• Task: Pictures appear among the records below and must be omitted. Repeat exactly the lines from the line with "Machine d'emballage et" to the line with "3PCS 번개 소년 배낭, 16", both included.

• Extracted records:

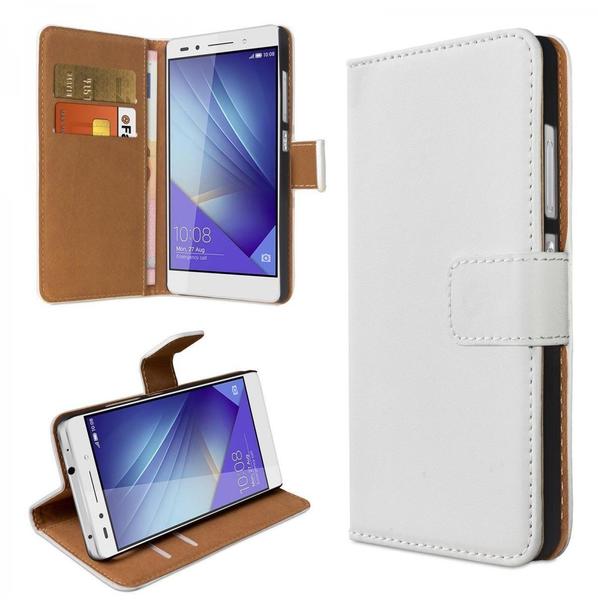 eFabrik Tasche für Huawei Honor 7 Lederhülle Schutz Hülle Ledertasche Smartphone Zubehör Bookstyle Design Cover weiß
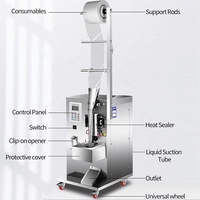 Machine d'emballage et de remplissage de liquides à scellage trois côtés pour sachets et films en rouleau PE de 5 à 200 ml, pour boissons, café, jus - Prix bas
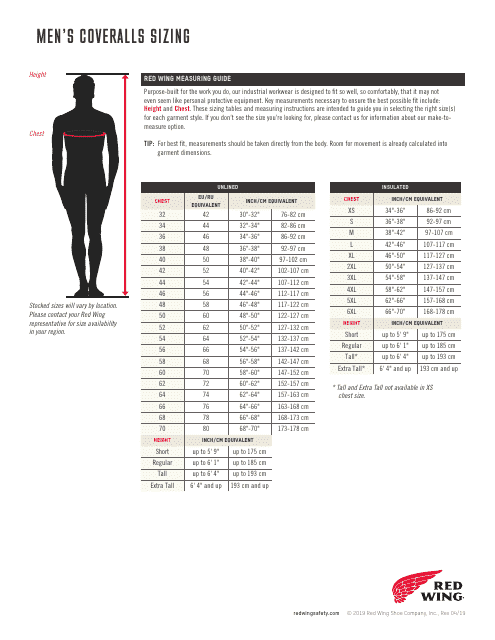 Men's Coveralls Sizing Chart - Red Wing Download Pdf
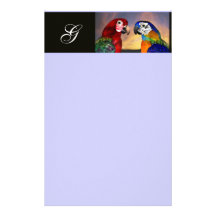 HYPER PARROTS / RED AND BLUE ARA  MONOGRAM STATIONERY DESIGN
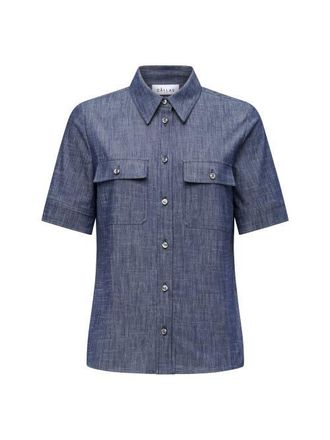 C&acirc;llas Milano Vesper Stretch denim poplin shirt in Indigo at Nordstrom, Size 16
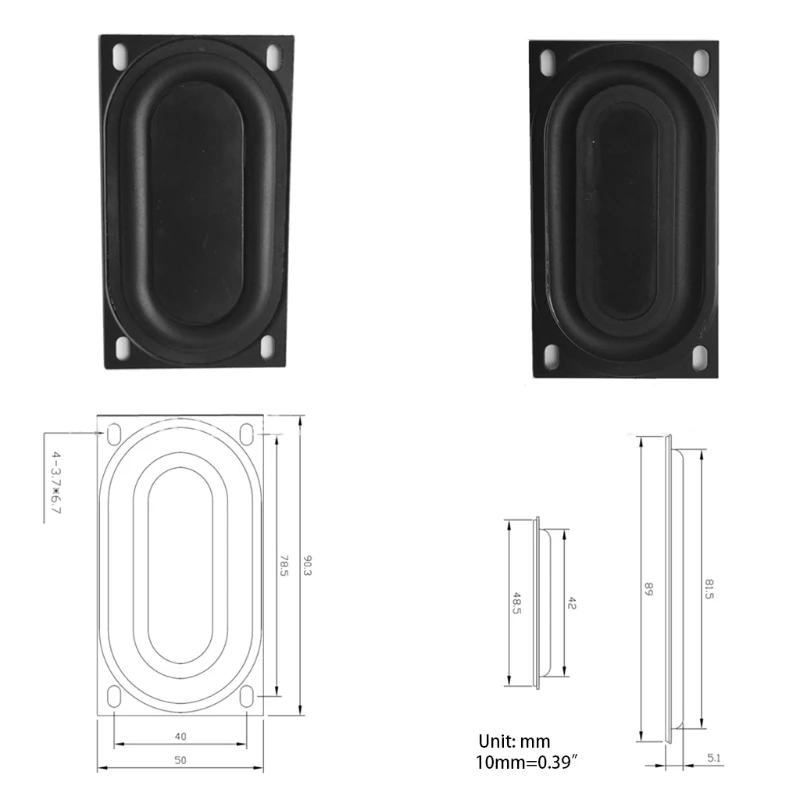 

11UB 2 Pcs 50x90mm Bass Speaker Passive Radiator Auxiliary Rubber Vibration Plate Subwoofer DIY Replacement Kit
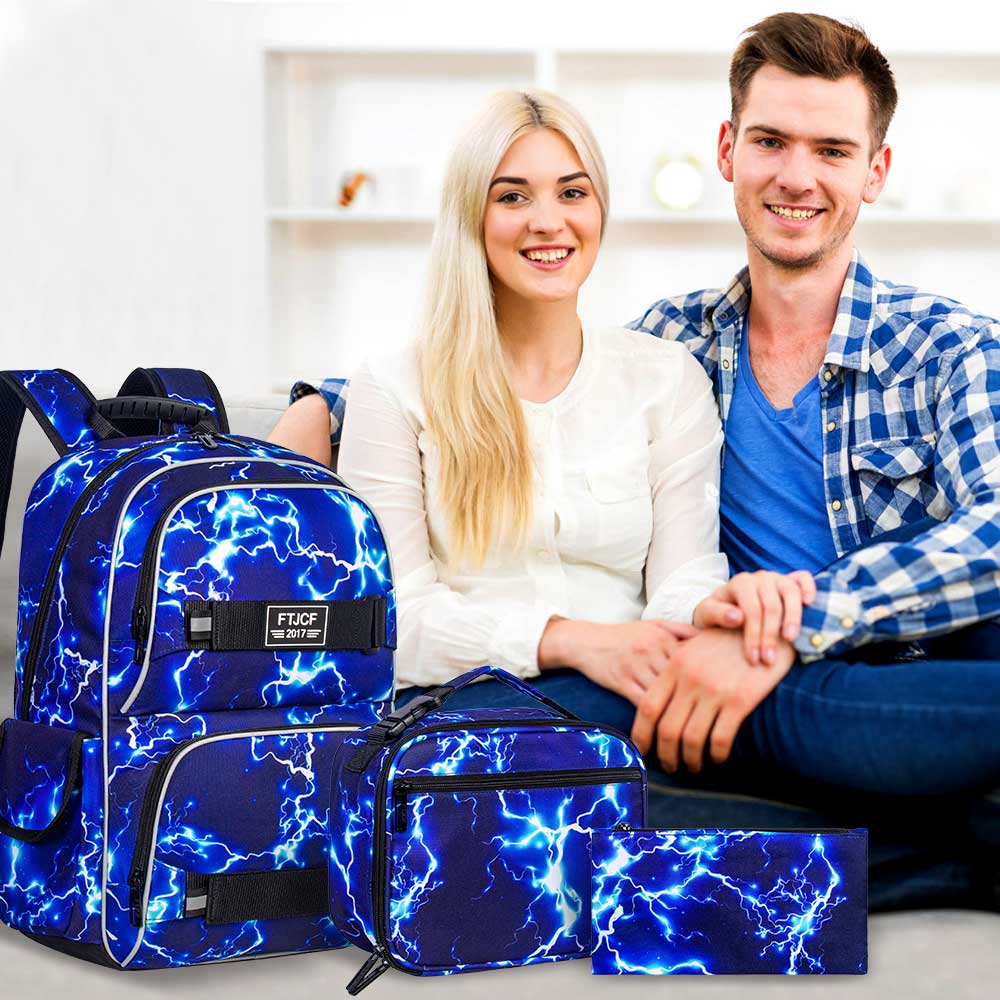 3PCS 번개 소년 배낭, 16 인치 학교 노트북 Bo - School Backpack Teen 리뷰 및 가격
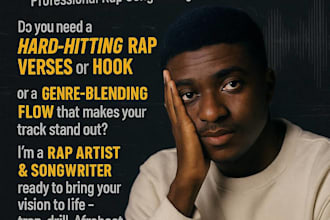 write and record fire rap verses or hooks for you any genre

• Expected answer:
 Machine d'emballage et de remplissage de liquides à scellage trois côtés pour sachets et films en rouleau PE de 5 à 200 ml, pour boissons, café, jus - Prix bas
 Men's Coveralls Sizing Chart - Red Wing Download Pdf
 HYPER PARROTS / RED AND BLUE ARA  MONOGRAM STATIONERY DESIGN
 C&acirc;llas Milano Vesper Stretch denim poplin shirt in Indigo at Nordstrom, Size 16

11UB 2 Pcs 50x90mm Bass Speaker Passive Radiator Auxiliary Rubber Vibration Plate Subwoofer DIY Replacement Kit
 3PCS 번개 소년 배낭, 16 인치 학교 노트북 Bo - School Backpack Teen 리뷰 및 가격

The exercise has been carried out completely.